*Source data*.
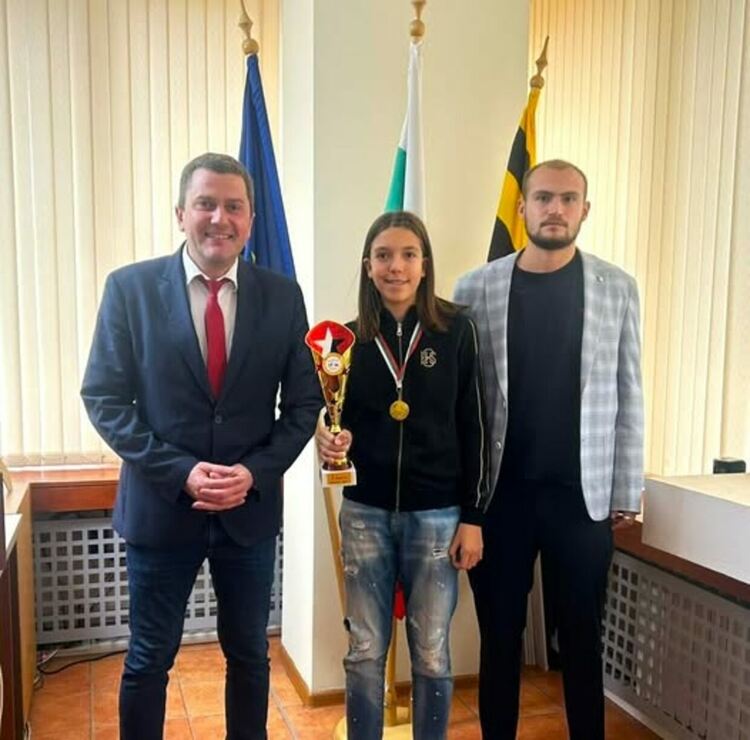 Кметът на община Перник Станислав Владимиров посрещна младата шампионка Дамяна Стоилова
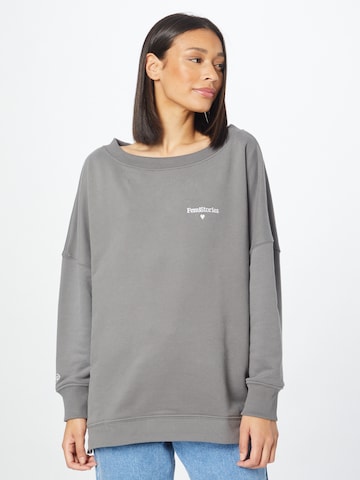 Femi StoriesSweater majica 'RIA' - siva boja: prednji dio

* * *

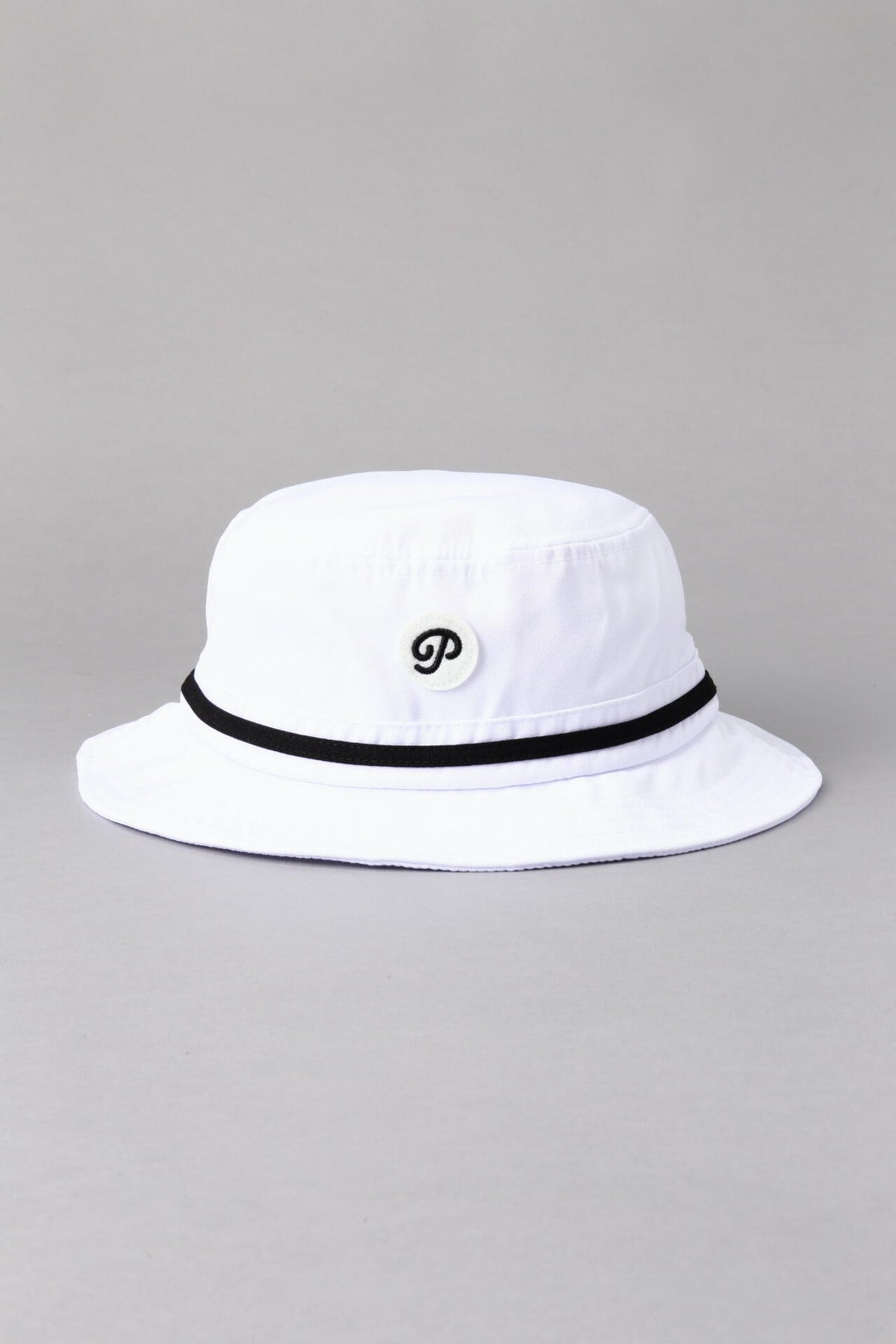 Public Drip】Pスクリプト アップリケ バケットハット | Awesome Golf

==

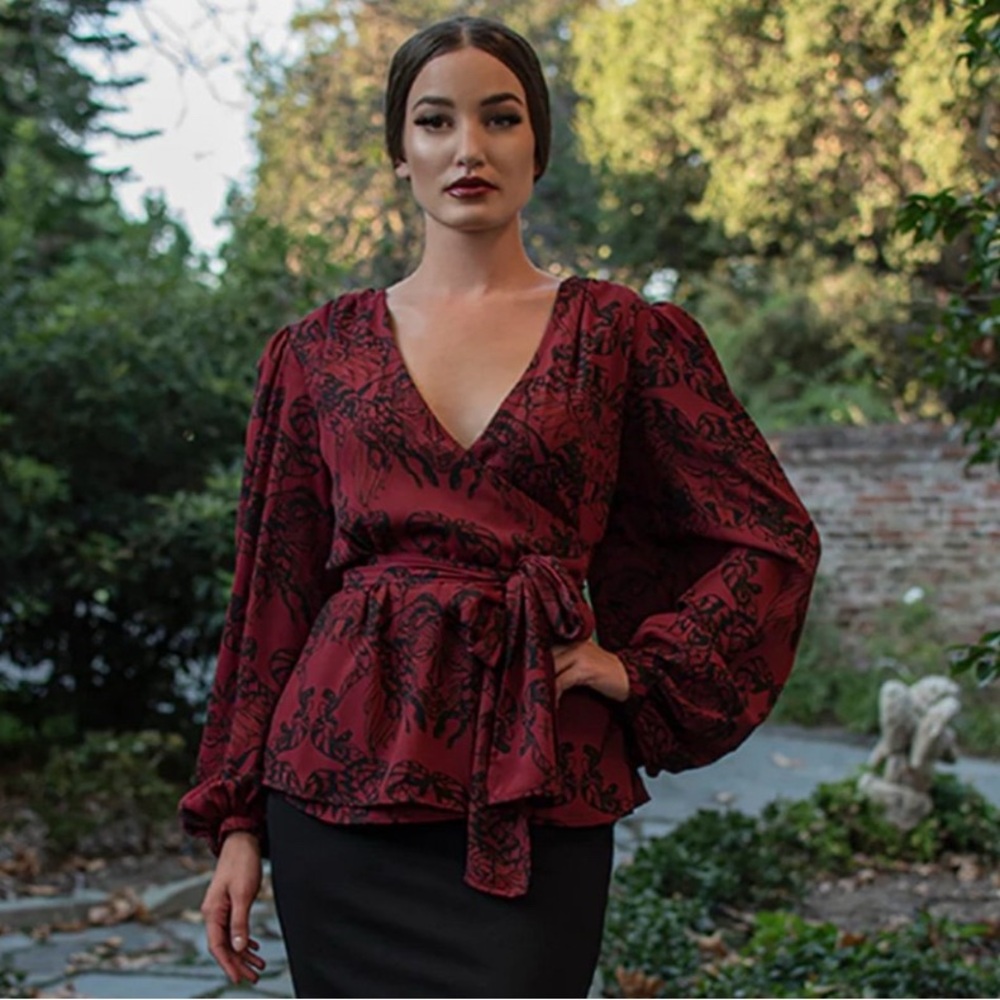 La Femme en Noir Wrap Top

*What you need to do*. A word-for-word reproduction is needed of the lines above from the line containing "Кметът на община" through the line containing "Femi StoriesSweater majica", with both ends kept and no pictures.

*Written response*.
 Кметът на община Перник Станислав Владимиров посрещна младата шампионка Дамяна Стоилова
 Femi StoriesSweater majica 'RIA' - siva boja: prednji dio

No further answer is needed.